WHAT TO DO: Below is a block of records; reproduce all of them exactly and leave out any pictures.

SOURCE DATA:

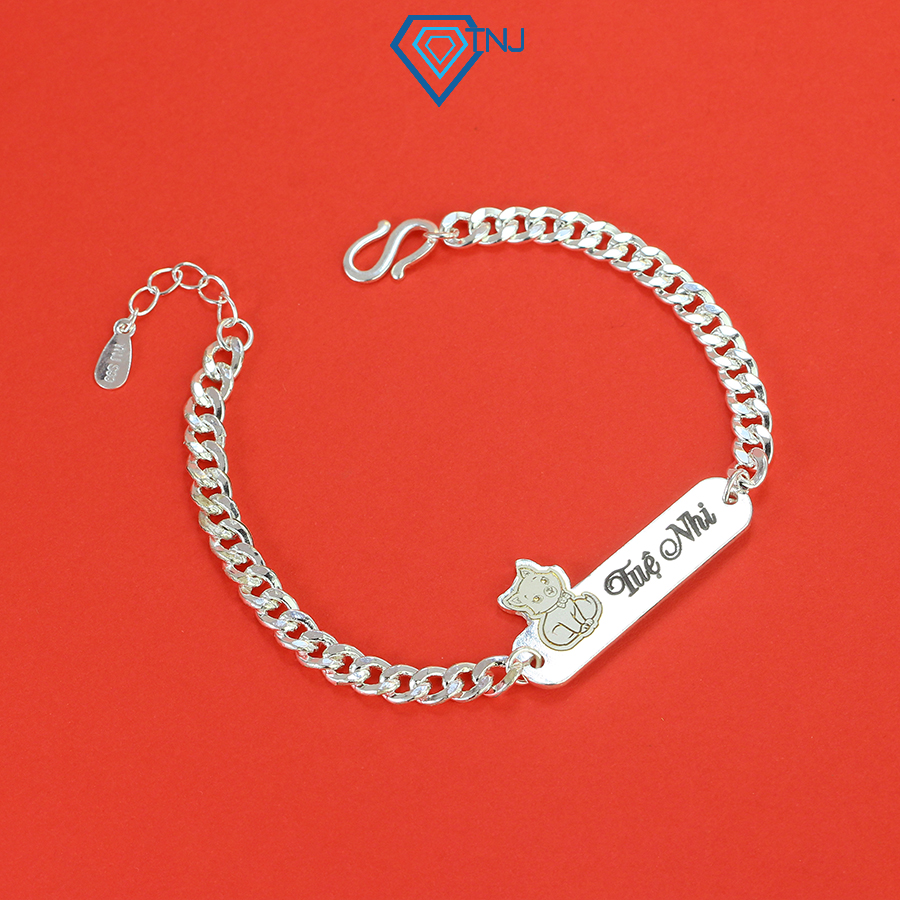 Quà tặng thôi nôi, đầy tháng cho bé - Lắc bạc hình con mèo khắc tên theo yêu cầu LTT0110 - Trang Sức TNJ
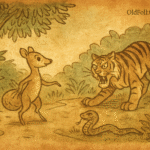 Parchment-style illustration of Mouse Deer tricking Tiger near a muddy puddle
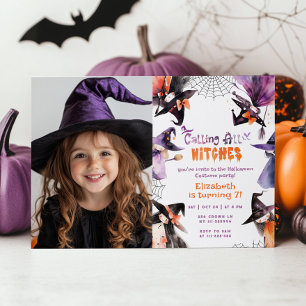 Calling all witches Halloween Costume party photo Invitation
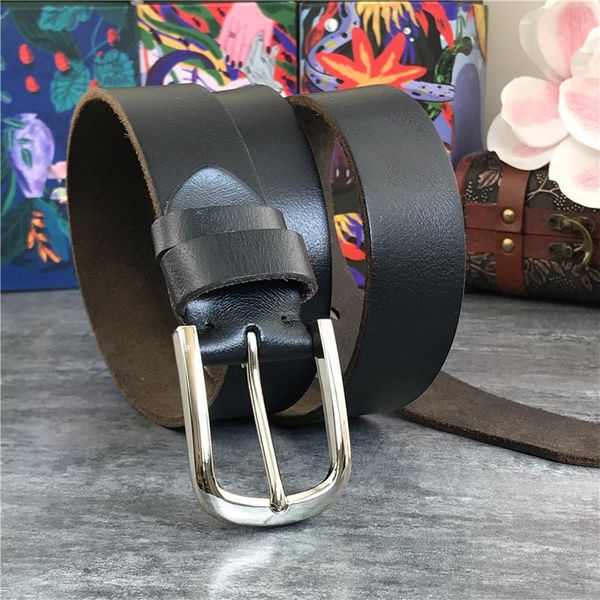 

vintage мужские пояса металла pin пряжка пояса из натуральной кожи мужские джинсы широкие ремни для мужчин ceinture талии рием mbt0048, Black;brown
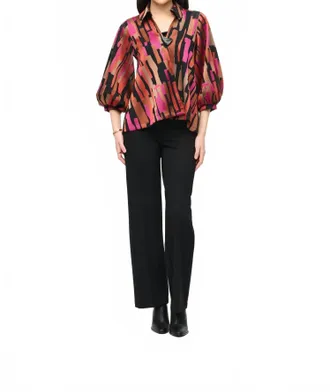 Joseph Ribkoff Bohemian Abstract Oversized Jacket In Pink Multi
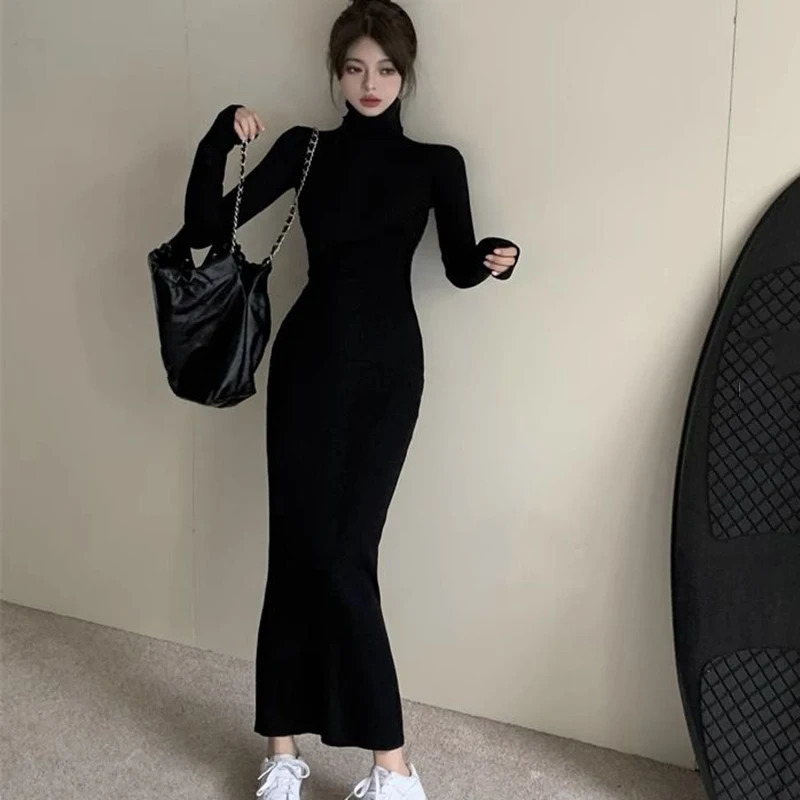 Sexy Black Turtleneck Knitted Bodycon Dres Autumn Winter Long Sleeve Sweater Dress Woman Korean Bottoming Dresses 241031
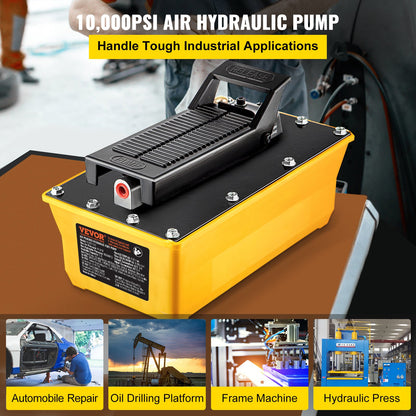 Air Hydraulic Pump, 10,000 PSI Hydraulic Foot Pump, 0.6 Gal Reservoir Foot Operated Air/Hydraulic Pump, with Hose and Spray Gun for Heavy Machinery Rigging, Auto Repair, Auto Body Frame Machines - Image 2
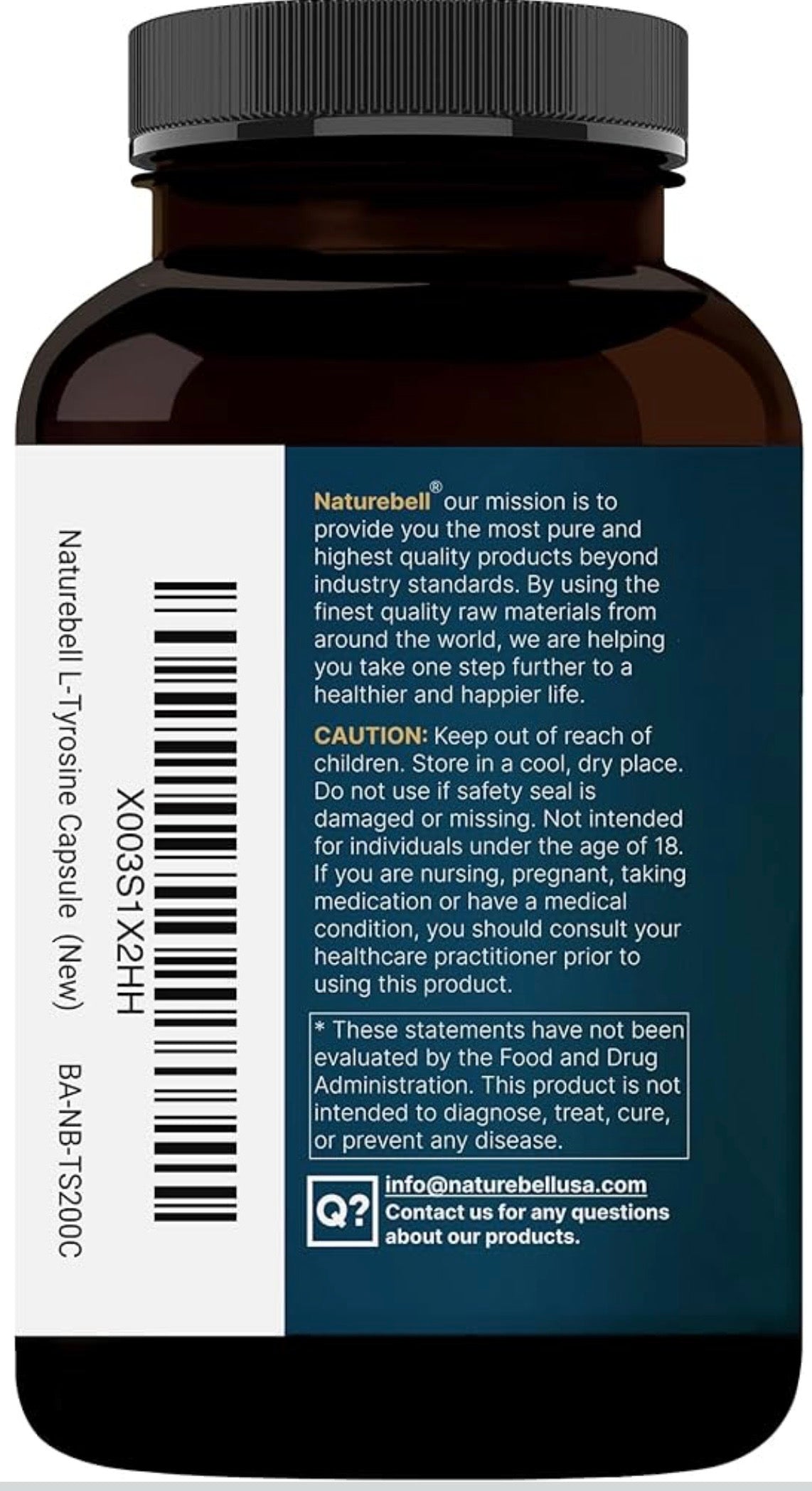 L Tyrosine Supplement, 1,500mg Per Serving, 240 Capsules | Essential Amino Acids – Brain Health Support for Memory, Cognitive Health, and Mental Alertness – Non-GMO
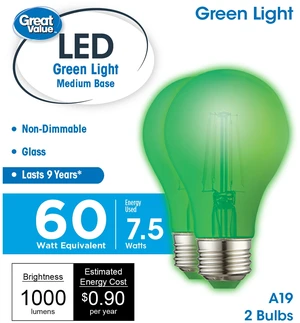 Great Value LED Light Bulb 7.5W (60W Equivalent) A19 E26 Medium Base Non-Dimmable Green 2-Pack Great Value LED Light Bulb 7.5W (60W Equivalent) A19 E26 Medium Base Non-Dimmable Green 2-Pack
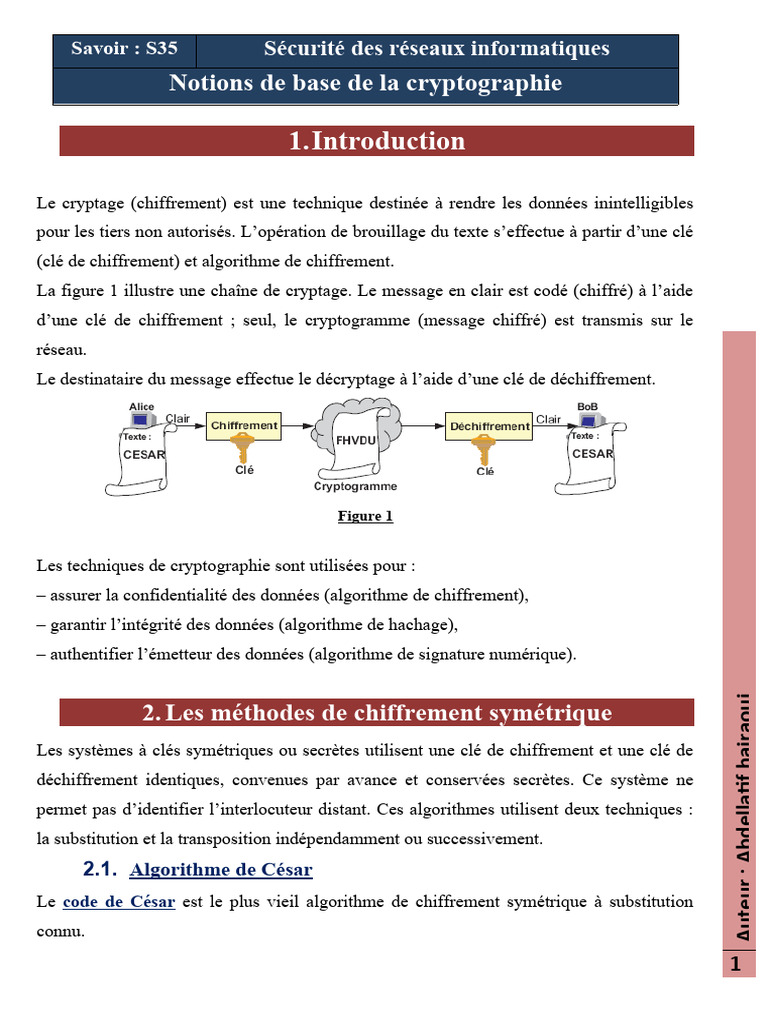 Cryptographie : Chiffrement et Sécurité | PDF | Cryptage | Cryptographie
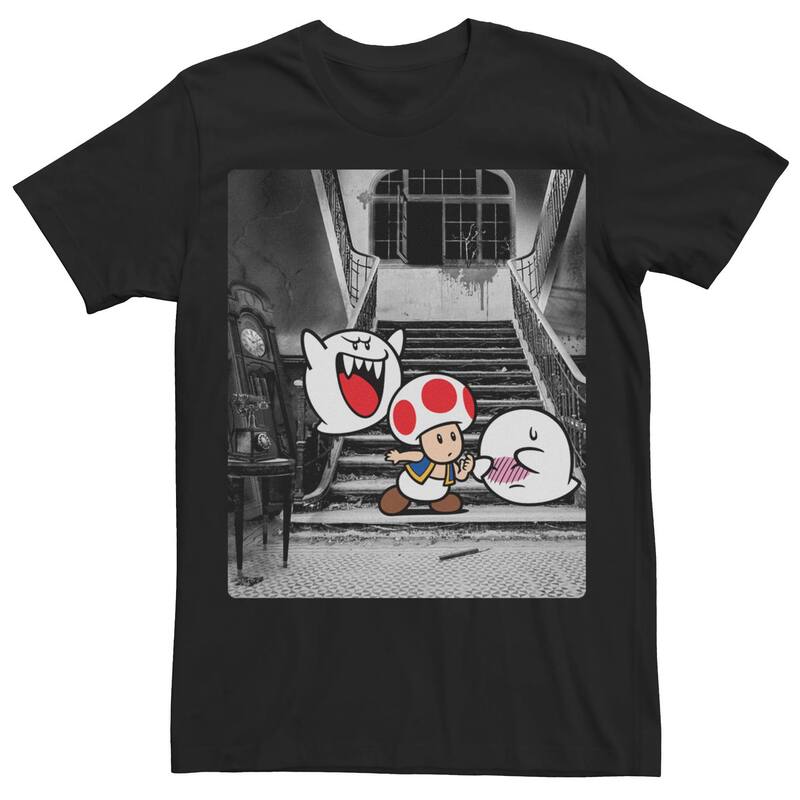 アニメキャラクター メンズ トップス Tシャツ Licensed Character Men's Nintendo Haunted Tee Black ブラック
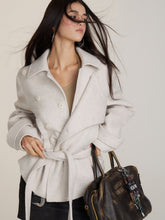 Faux Two-Piece Belted Layered Coat - CHINASQUAD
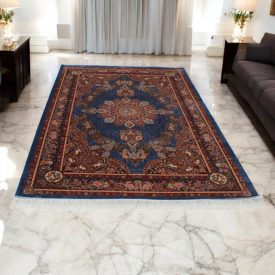   Covor mătase Gazelle albastru închis 150x225 covor persan din mătase viscoasă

OUTPUT BELOW:
 Quà tặng thôi nôi, đầy tháng cho bé - Lắc bạc hình con mèo khắc tên theo yêu cầu LTT0110 - Trang Sức TNJ
 Parchment-style illustration of Mouse Deer tricking Tiger near a muddy puddle
 Calling all witches Halloween Costume party photo Invitation

vintage мужские пояса металла pin пряжка пояса из натуральной кожи мужские джинсы широкие ремни для мужчин ceinture талии рием mbt0048, Black;brown
 Joseph Ribkoff Bohemian Abstract Oversized Jacket In Pink Multi
 Sexy Black Turtleneck Knitted Bodycon Dres Autumn Winter Long Sleeve Sweater Dress Woman Korean Bottoming Dresses 241031
 Air Hydraulic Pump, 10,000 PSI Hydraulic Foot Pump, 0.6 Gal Reservoir Foot Operated Air/Hydraulic Pump, with Hose and Spray Gun for Heavy Machinery Rigging, Auto Repair, Auto Body Frame Machines - Image 2
 L Tyrosine Supplement, 1,500mg Per Serving, 240 Capsules | Essential Amino Acids – Brain Health Support for Memory, Cognitive Health, and Mental Alertness – Non-GMO
 Great Value LED Light Bulb 7.5W (60W Equivalent) A19 E26 Medium Base Non-Dimmable Green 2-Pack Great Value LED Light Bulb 7.5W (60W Equivalent) A19 E26 Medium Base Non-Dimmable Green 2-Pack
 Cryptographie : Chiffrement et Sécurité | PDF | Cryptage | Cryptographie
 アニメキャラクター メンズ トップス Tシャツ Licensed Character Men's Nintendo Haunted Tee Black ブラック
 Faux Two-Piece Belted Layered Coat - CHINASQUAD
   Covor mătase Gazelle albastru închis 150x225 covor persan din mătase viscoasă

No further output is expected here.